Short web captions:
========
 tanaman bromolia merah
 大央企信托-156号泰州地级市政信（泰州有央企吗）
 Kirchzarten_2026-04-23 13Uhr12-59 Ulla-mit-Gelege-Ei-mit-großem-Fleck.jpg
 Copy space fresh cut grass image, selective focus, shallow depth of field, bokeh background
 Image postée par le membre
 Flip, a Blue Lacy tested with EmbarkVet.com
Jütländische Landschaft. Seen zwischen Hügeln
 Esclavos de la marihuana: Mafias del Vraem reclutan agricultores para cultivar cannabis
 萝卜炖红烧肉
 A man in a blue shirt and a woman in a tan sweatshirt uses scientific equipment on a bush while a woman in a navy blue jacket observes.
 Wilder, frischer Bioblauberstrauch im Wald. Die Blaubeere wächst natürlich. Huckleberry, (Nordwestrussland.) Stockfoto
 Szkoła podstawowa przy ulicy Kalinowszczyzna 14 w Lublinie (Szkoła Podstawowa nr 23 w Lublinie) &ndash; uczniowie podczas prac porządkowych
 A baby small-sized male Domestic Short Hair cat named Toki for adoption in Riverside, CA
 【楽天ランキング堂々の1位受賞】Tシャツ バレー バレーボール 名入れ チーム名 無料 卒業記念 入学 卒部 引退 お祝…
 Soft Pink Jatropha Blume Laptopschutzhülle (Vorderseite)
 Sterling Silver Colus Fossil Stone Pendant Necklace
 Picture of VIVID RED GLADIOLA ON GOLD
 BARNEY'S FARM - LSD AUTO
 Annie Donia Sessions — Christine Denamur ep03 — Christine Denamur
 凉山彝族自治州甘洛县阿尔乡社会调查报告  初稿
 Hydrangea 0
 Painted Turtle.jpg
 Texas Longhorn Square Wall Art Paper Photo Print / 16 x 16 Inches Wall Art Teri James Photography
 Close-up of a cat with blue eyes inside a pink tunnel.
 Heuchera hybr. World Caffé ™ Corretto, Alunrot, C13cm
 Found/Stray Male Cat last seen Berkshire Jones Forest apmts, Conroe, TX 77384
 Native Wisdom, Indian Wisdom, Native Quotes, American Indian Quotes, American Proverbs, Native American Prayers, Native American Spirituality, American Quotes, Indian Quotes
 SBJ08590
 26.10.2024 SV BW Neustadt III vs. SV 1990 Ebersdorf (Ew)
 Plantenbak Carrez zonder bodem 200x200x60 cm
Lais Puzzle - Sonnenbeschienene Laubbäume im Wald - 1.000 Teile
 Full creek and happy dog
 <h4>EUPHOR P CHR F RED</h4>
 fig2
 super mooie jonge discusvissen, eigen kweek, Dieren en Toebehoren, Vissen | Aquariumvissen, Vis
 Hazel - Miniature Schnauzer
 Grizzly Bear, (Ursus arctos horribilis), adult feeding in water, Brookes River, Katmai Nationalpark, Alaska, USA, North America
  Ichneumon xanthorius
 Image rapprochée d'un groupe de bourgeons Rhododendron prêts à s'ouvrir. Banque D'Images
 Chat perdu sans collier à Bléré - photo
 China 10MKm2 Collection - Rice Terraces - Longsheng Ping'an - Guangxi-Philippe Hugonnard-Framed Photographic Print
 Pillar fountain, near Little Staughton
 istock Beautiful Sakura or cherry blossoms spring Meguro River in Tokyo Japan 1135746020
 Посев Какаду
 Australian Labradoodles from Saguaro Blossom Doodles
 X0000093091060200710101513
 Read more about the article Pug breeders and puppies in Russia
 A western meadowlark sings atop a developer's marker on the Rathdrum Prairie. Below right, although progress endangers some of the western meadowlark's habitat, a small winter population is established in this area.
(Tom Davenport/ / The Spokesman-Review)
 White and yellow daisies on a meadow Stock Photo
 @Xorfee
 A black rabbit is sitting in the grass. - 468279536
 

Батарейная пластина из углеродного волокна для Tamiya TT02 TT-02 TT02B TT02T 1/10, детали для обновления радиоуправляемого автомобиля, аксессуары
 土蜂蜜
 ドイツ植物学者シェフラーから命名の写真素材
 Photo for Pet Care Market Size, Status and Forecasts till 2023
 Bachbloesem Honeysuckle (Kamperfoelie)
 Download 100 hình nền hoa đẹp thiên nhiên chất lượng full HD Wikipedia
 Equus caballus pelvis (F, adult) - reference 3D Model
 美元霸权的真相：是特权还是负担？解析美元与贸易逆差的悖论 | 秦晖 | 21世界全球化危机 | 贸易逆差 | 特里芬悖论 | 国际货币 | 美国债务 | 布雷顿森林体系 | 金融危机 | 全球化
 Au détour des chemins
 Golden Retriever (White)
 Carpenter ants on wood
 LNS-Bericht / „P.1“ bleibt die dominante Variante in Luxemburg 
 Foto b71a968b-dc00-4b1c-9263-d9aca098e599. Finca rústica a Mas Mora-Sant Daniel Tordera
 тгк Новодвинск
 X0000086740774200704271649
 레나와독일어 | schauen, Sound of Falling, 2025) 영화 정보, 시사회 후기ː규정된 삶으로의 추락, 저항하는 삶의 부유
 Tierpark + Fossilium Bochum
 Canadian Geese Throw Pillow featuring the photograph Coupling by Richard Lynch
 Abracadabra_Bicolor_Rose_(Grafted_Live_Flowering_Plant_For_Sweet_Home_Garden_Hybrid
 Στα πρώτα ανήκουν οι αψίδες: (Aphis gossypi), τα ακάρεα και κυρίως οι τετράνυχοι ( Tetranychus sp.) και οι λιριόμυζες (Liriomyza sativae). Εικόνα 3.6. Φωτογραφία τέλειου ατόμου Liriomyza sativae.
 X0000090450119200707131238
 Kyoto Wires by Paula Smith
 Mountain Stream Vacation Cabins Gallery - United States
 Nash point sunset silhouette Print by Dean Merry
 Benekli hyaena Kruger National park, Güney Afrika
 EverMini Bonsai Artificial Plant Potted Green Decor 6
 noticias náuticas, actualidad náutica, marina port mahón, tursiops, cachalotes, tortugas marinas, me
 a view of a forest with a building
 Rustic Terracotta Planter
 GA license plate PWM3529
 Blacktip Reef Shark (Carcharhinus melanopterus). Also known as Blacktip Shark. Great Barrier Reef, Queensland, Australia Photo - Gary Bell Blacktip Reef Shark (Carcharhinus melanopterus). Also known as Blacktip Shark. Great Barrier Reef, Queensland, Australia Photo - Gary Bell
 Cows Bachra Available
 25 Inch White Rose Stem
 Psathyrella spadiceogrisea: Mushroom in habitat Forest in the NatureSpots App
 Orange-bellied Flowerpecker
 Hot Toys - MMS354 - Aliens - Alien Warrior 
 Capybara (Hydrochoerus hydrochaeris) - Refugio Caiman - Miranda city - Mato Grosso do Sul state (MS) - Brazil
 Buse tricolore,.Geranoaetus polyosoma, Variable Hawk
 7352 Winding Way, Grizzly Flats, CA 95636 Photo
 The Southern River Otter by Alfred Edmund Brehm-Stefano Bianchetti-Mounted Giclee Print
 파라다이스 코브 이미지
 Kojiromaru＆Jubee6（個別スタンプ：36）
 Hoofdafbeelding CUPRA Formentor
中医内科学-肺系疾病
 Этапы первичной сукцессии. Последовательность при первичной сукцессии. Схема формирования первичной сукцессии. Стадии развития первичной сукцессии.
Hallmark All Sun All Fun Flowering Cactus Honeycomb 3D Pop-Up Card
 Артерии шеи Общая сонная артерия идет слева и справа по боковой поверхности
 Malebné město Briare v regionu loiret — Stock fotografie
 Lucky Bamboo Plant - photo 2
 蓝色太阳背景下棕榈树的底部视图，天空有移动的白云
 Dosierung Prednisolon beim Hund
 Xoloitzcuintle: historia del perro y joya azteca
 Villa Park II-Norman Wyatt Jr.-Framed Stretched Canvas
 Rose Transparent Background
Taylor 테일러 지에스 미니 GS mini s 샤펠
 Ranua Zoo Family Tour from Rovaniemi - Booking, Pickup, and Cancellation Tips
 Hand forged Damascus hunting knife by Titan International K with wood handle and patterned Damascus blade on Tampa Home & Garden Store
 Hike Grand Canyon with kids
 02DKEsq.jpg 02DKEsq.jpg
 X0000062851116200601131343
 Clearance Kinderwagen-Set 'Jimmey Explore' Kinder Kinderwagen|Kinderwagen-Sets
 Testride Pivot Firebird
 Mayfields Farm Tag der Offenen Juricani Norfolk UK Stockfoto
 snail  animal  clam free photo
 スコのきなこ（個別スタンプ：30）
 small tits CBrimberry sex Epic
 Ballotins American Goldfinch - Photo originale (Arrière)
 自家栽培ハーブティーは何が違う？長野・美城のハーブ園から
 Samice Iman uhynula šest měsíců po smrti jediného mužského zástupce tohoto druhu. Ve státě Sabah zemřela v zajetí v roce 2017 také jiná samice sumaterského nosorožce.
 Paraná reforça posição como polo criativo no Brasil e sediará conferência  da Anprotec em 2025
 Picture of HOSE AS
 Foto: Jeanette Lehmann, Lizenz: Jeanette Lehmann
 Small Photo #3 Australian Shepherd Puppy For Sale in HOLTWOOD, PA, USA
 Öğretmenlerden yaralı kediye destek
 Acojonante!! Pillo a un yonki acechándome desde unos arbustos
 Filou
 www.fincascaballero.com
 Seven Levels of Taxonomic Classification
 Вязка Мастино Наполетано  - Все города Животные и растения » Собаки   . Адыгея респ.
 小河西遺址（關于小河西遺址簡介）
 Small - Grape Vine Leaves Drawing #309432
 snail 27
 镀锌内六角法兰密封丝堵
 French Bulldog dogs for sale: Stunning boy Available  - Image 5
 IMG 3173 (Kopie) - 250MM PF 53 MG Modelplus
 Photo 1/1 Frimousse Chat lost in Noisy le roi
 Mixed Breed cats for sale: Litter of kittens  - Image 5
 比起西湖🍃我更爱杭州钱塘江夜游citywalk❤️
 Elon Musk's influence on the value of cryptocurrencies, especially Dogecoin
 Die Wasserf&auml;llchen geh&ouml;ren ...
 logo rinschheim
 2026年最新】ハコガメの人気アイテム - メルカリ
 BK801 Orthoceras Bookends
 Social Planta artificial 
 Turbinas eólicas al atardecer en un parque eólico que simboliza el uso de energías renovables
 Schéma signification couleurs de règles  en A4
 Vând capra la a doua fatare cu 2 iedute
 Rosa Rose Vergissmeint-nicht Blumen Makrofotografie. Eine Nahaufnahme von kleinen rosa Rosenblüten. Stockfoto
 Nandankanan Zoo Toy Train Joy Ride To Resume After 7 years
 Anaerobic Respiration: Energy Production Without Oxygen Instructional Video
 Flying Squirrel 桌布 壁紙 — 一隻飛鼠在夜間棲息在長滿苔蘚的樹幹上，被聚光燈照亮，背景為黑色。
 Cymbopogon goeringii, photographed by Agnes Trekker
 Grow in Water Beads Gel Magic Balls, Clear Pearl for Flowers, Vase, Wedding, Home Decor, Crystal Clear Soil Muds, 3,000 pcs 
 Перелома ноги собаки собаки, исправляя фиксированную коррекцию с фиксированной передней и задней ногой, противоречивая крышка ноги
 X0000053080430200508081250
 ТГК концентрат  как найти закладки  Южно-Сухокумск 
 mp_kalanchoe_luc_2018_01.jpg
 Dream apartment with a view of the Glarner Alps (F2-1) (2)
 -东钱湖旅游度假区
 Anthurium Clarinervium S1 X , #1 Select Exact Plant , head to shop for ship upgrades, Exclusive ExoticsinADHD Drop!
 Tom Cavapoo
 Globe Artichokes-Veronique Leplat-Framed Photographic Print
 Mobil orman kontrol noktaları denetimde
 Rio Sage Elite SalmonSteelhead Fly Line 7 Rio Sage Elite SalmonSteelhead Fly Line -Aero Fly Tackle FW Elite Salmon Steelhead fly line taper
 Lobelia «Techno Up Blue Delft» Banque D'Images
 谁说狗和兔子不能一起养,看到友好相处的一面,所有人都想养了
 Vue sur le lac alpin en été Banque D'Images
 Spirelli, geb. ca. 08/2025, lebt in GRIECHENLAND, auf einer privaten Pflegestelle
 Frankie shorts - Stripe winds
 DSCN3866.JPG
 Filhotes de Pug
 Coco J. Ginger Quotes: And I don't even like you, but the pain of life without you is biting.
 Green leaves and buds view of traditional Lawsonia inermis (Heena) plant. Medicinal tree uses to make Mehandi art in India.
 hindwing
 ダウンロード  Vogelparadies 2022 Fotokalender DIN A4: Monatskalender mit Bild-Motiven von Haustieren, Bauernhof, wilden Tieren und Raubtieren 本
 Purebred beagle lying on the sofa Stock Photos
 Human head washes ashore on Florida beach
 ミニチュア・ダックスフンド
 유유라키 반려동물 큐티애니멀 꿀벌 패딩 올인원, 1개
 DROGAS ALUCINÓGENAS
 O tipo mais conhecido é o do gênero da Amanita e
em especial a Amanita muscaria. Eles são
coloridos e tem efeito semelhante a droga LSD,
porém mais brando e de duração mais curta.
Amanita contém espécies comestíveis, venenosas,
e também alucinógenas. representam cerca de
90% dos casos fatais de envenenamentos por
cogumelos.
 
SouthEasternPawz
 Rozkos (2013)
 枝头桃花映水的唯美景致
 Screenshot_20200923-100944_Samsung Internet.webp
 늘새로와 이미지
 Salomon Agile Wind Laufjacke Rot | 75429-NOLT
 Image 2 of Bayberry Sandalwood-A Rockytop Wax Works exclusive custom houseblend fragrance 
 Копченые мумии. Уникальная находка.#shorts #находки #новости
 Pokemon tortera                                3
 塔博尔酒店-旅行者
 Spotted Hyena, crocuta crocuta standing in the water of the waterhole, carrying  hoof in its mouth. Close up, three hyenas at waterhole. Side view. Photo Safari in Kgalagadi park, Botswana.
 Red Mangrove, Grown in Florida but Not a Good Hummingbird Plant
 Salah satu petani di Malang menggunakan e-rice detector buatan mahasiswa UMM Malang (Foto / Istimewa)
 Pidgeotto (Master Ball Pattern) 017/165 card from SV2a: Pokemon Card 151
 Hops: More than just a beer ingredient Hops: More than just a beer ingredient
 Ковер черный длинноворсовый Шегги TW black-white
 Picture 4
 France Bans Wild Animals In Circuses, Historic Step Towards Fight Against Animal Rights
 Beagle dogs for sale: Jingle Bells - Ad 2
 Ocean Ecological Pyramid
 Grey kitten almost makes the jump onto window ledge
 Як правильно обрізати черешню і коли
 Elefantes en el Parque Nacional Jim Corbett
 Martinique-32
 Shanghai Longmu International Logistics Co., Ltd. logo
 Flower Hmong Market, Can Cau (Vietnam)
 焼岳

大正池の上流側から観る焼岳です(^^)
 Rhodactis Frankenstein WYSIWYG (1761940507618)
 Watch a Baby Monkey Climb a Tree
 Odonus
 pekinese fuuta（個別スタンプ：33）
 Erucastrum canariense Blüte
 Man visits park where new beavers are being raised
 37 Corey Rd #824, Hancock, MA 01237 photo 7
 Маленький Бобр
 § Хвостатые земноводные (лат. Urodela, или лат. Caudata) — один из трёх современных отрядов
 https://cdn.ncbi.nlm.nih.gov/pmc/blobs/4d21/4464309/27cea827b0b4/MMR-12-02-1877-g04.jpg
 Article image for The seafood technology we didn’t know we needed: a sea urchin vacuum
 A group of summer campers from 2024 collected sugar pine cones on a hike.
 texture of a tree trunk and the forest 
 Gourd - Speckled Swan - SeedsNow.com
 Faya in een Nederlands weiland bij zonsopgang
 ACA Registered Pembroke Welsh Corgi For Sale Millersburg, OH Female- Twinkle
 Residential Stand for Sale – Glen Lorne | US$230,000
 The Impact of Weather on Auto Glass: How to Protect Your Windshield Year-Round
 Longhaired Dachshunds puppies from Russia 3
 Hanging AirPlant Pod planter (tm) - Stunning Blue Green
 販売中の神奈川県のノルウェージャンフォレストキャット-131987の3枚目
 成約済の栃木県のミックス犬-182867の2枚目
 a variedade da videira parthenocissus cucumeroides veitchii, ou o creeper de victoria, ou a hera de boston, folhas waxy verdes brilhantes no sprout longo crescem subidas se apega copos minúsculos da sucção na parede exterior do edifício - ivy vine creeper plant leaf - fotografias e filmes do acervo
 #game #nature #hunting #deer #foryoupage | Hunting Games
========
YOUR INSTRUCTIONS: Write down exactly the span of lines above from the one containing "A black rabbit" to the one containing "ドイツ植物学者シェフラーから命名の写真素材", both ends included.

EXPECTED ANSWER:
 A black rabbit is sitting in the grass. - 468279536
 

Батарейная пластина из углеродного волокна для Tamiya TT02 TT-02 TT02B TT02T 1/10, детали для обновления радиоуправляемого автомобиля, аксессуары
 土蜂蜜
 ドイツ植物学者シェフラーから命名の写真素材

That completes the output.